Laurie Graves (St. Mary’s, AK ’80-81, Portland Staff ‘82-83)
After some 18 happy years of trying to climb the corporate ladder at Tektronix, I was looking at my empty house when my youngest child left for college. Then, at my church I saw a poster about what was then called JVC: Northwest. Shortly thereafter, I was on my way to a remote village in Alaska where I would help cook for a boarding school that served Yup’ik Eskimo and Athabascan Indian children.
We had about 22 volunteers, some of them in their second year, plus the Ursuline sisters staffing the school. When we arrived, many of the volunteers went fishing with the local people to help fill up our freezer with huge salmon and many other fish; as a school serving with that population, we had some special hunting and fishing privileges. Also, the families often shared meat and fish with us. I learned to cook moose stew, seal meat, and “agutaq,” otherwise known as fish ice cream.

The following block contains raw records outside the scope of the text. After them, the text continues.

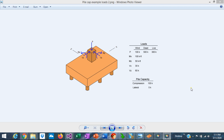Asdip Foundation 4 was recently released. It includes the design of pile caps per ACI 318 and per CRSI design guides. But how do you actually design a pile cap inside Asdip Foundation? How do you use the software to complete the design? This is Javier Encinas and today we're going to complete a design example of a pile cap completely from scratch using Asdip Foundation. Let's get started.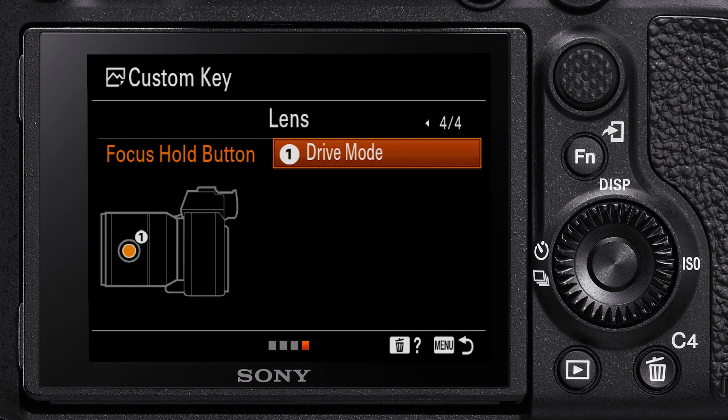Having multiple buttons allows for greater control, flexibility and comfortable ergonomics when operating the lens in portrait or landscape orientation. And that wraps up this video on the focus hold button and how to customise this function.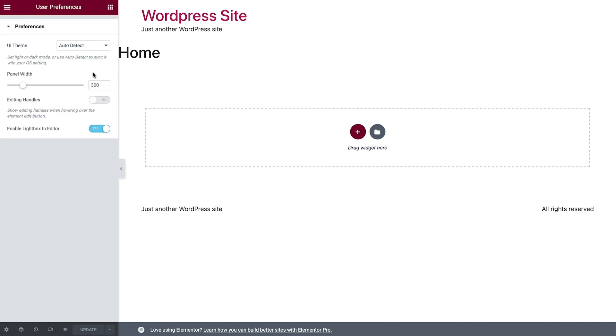User preferences allow you to customize the Elementor interface, such as switching to dark mode.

To make that ice cream, you first go out on the tundra and pick buckets of blueberries. Then you catch (or thaw) big chunks of white fish, cook and cool them, and squeeze out all of the liquid, saving the fish fiber. Then you whip up a big bowl of whale blubber and seal oil (okay, we cheated and used Crisco and salad oil). You combine this mixture with the fish fiber, making just enough to stick the blueberries together, and freeze the whole concoction. Sounds weird maybe, but it actually was pretty good.
Our nurse at the mission, Mary Curry, had to function almost like an old country doctor, being the only trained health care professional for miles around. She had returned to school to become a registered nurse sometime after her college graduation. The light went on. It wasn’t too late for me to realize a dream. Upon returning to Oregon at the end of the JV year, I worked as a C.N.A. to make sure that my middle-aged body could do the work. Then I enrolled at Good Samaritan School of Nursing in Portland. I signed up for a year on JVC Northwest staff in Portland, living and working at the Mac House, which was in walking distance.
I enjoyed a great career in nursing, starting at age 47 and retiring at age 70. Much of that time, I trained nursing assistants to prepare for their state board exams; some of them went on to become “real nurses.” So Mary Curry started a chain of much-needed nurses. My one claim to glory in this career was writing a manual for care planning and another training manual for nursing assistants, both of which sold well nationwide.
JVC Northwest really did “ruin me for life,” and I’m glad that they did.